The 200,000,000 new shares at $.005 is the $1,000,000 that they filed for.
Or did I miss something ?
I missed that part, EE
I don't find any mention of $40 MM in local tax incentives, there was a $24 MM bond financing agreement that did not go through.
The $40 MM was the price of the original Bio-Fuel plant.
So PHGI would have had to come up with the other $16 MM (at .0046 per share that would be 3,5000,000,000 shares)
Interesting, he was the asst moderator on the John H Beebe board
Common was reduced by converting them into preferreds at a 4 to 1 ratio(I think) So 100,000,000 common could be shifted to 25,000,000 preferreds and it looks like the share count went down. Then they can balloon out when (IF? ) they were worth something.
Since it is so easy to up the authorized count, the fact that we were pegged to the max common was really no issue or safety net as JB told many people.
With the history the company has, wouldn't it make it almost impossible to actually turn this company into a reporting company? There is a lot swept under the carpet with this many owners, splits, etc. How could somebody sign off on what liabilities may be hidden from incarnations ago before this management touched it. Let alone explain all the insider transactions with the co. It would be lots of explaining to do. As with the canadian dividend, it looks like there may have been an honest intention to turn into a reporting co, but just not the knowledge on how to do it. Maybe it will happen somehow by moving into a clean co, but wouldn't that have been easier to do in the first place? Shells do not cost all that much.
PQL
that's a pretty low bar. getting a couple million dollar market cap in the pinks is fairly easily - let alone if you actually have a viable business and revenues.
How are we susposted to know that PHGI has revenue and earnings if they do not report?
Not trying to be rude or anything, just a practical question.
PQL,
Can you get the outstanding shares updated also.
I guess the company will need to provide that info as new TA will not provide that info.
The all or none may have an impact on the order filling.
In the pinks and OTCBB the MM's don't have to have display customer orders like in the main NASDQ markets.
Dog, it was in the PR from the co:
company is now proceeding on completing the full assembly and construction of the refinery that was originally transported into Opp this fall. Perihelion management advises shareholders that due to contractor delays relating to the manufacture and construction of the building, initial production of biodiesel will likely be slightly delayed from the late December 2007 date as originally conceived. Construction of the site can be viewed live on the PeriheliBlog located at http://www.perihelionglobal.com/blog.
Do the preferreds not matter?
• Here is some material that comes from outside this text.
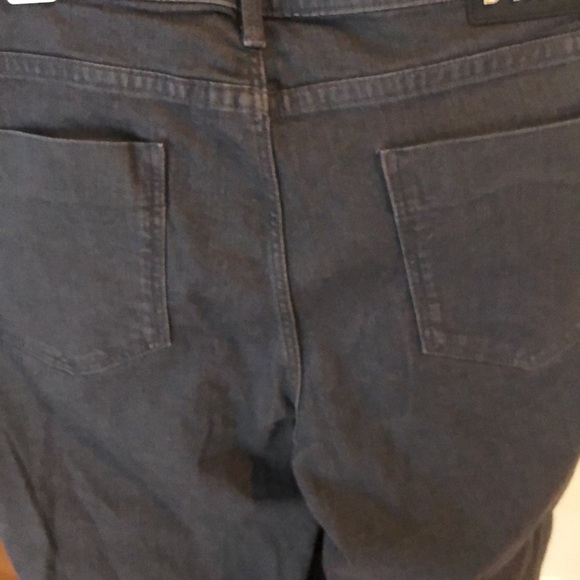 DKNY Donna Karen gray stretch cropped denim w/ sequin detail matching top - Picture 6 of 12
JB has 100 voting control with his and the others are convertable to common at a 4 to 1 ratio (I think that is the ratio)and they have preference in dividends etc (per co PR).
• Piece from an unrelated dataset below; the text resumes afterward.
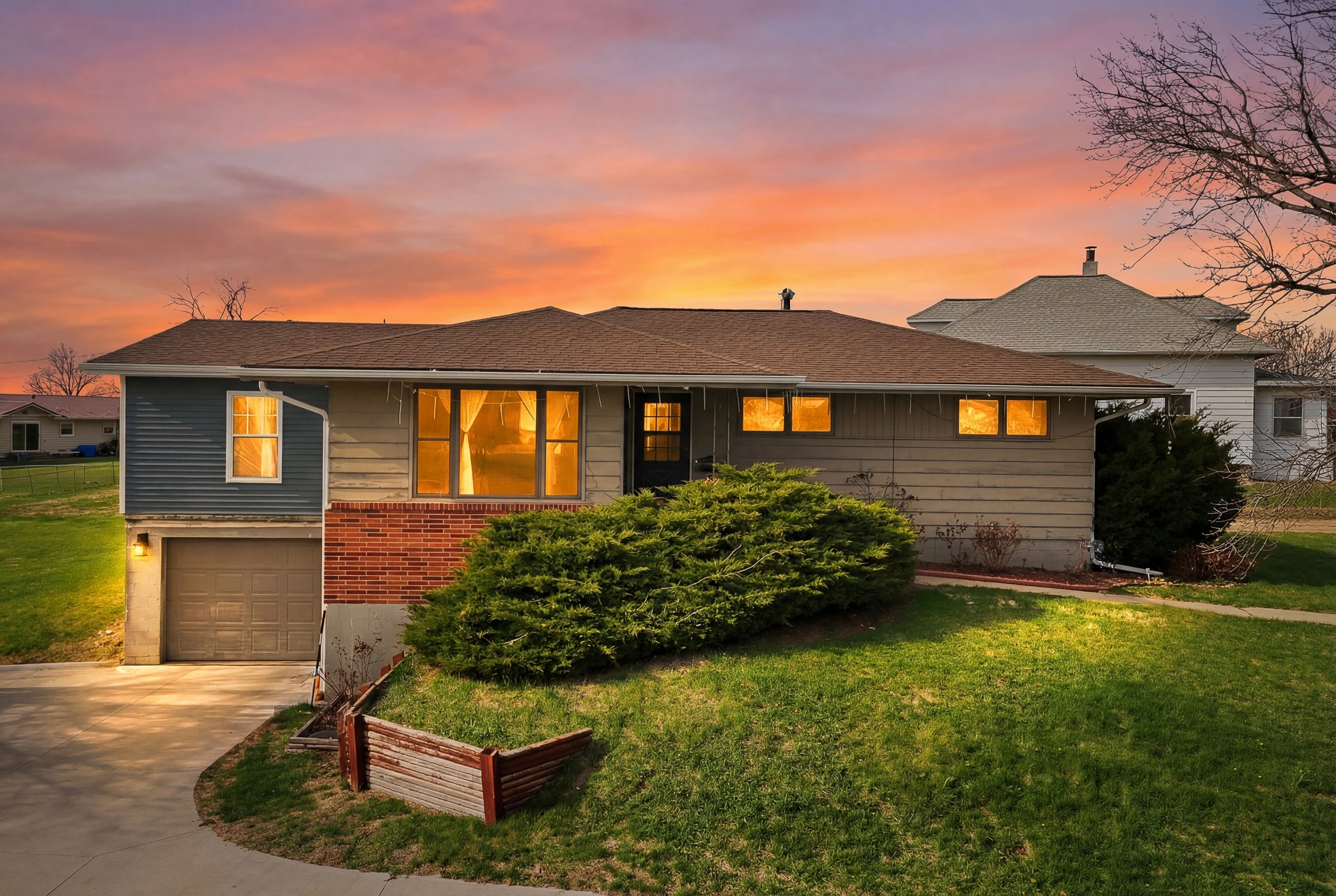 1311 Harding Street — photo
How does dropping the AS make a difference? The OS is what has happened here.
This getting kind of old to keep glossing over this minor factual issue.
It is not positive or negative, it just is.
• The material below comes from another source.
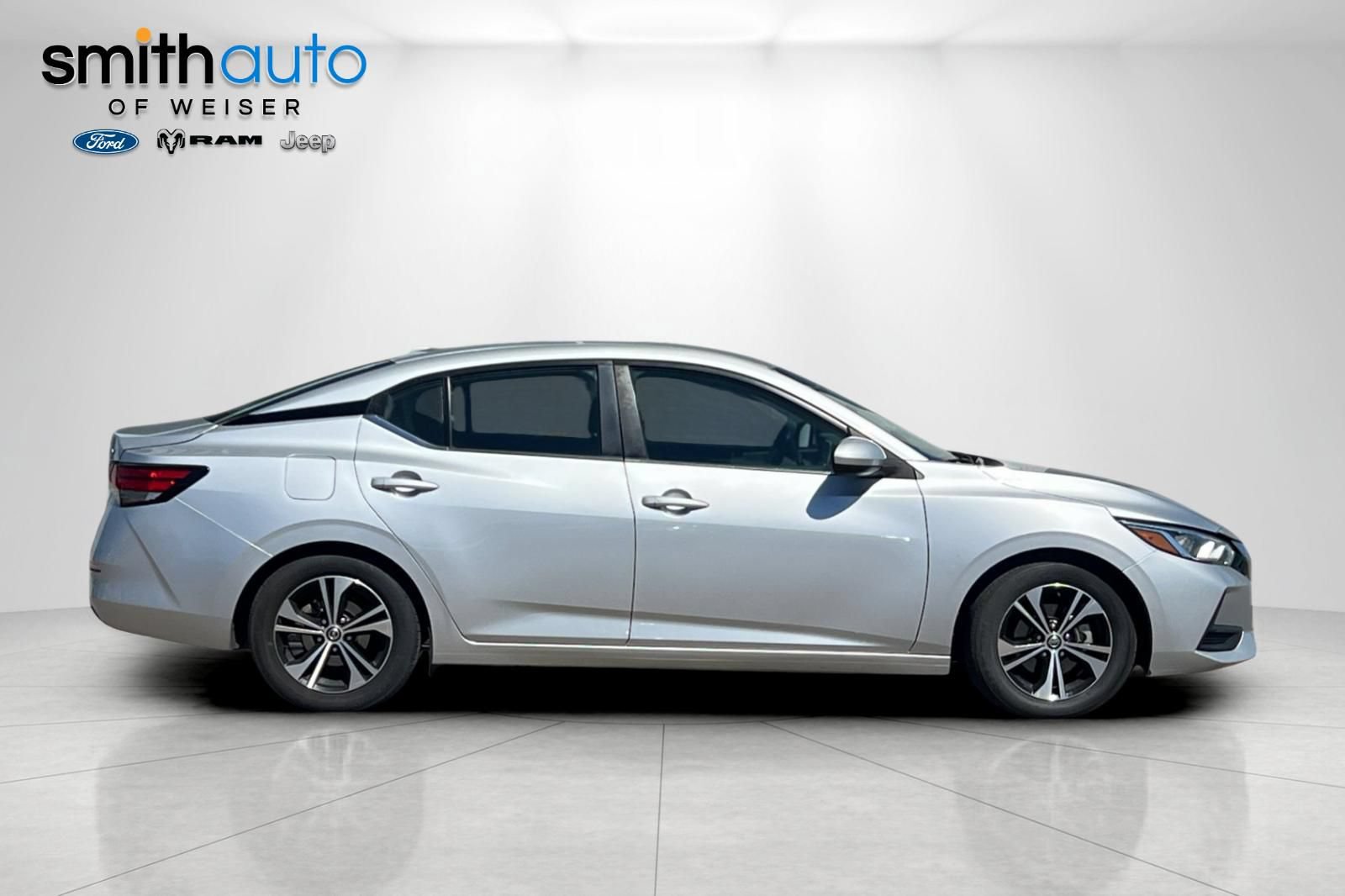 Used 2022 Nissan Sentra SV FWD image 3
Dog, I don't think I said that these points were irrelevant - for a co wanting to be transparent I see very little.
We have not seen ANY financial information other than seeing that there 300,000,000 plus common share equivilent shares in the co.
We know almost nothing about what the co got for these shares.
With being a development stage co, I think that means that there are no revenues, so it is all a long shot bet.
A stock's price will move on information and we have PR's that talk about what is happening, but a slab poured in Opp is the only thing we can see. And no audited financials that show earnings. An assets value is in the ability to generate income. If and when we generate income, the stock price will move. That is what I am interested in, I assume that that is what all the other "longs" out there want too.
Per JB - Both Radio stations are operational and PHGI is managing the TV station. PHGI does not own the FCC broadcast license for the TV station at this time, but has plan to acquire it in the future.
(the ownership can be confirmed at the FCC web site)
It was reiterated that the broadcast division will be spun off as a seperate co in the future.
He indicated that this is the information contained in the PR's released and that this is not new information.
If anyone wants to do a tour, they are welcome to make the arrangements and have a hosted tour.
PQL - I tried to watch the YouTube videos linked above and they are locked. Can they get unlocked?
Thanks
I just saw that the cams were moved to not let us see the construction.
I wonder if they are digging us another 100,000,000 shares to secretly issue.
(that is a joke, so you don't need to flame out on it)
The point of a standard is so that users of the financial statements can compare information across companies. So if you try and project a price for PHGI in the future using dilutive shares and try and compare it with another company you'll be way off because NO ONE else uses dilutive shares to project the Price. So just make sure you compare apples to apples, that's what my point was.
If you want to do a comparison, you need to find other co's that have over half of their equity in the convertable preferreds.
PHGI shifted the common to preferred to somewhat hide where the equity is. They used the conversion ratio on the preferred's to have it appear that the common guys have more equity than they do. The Preferred's that JB has have full voting control and the preferred's have more equity than all the common.
Anyone who is touting the company only has 155,000,000 common is distorting what is going on here.
Most big co's don't have the level of preferred's like we have here (if any)so this an orange, not an apple.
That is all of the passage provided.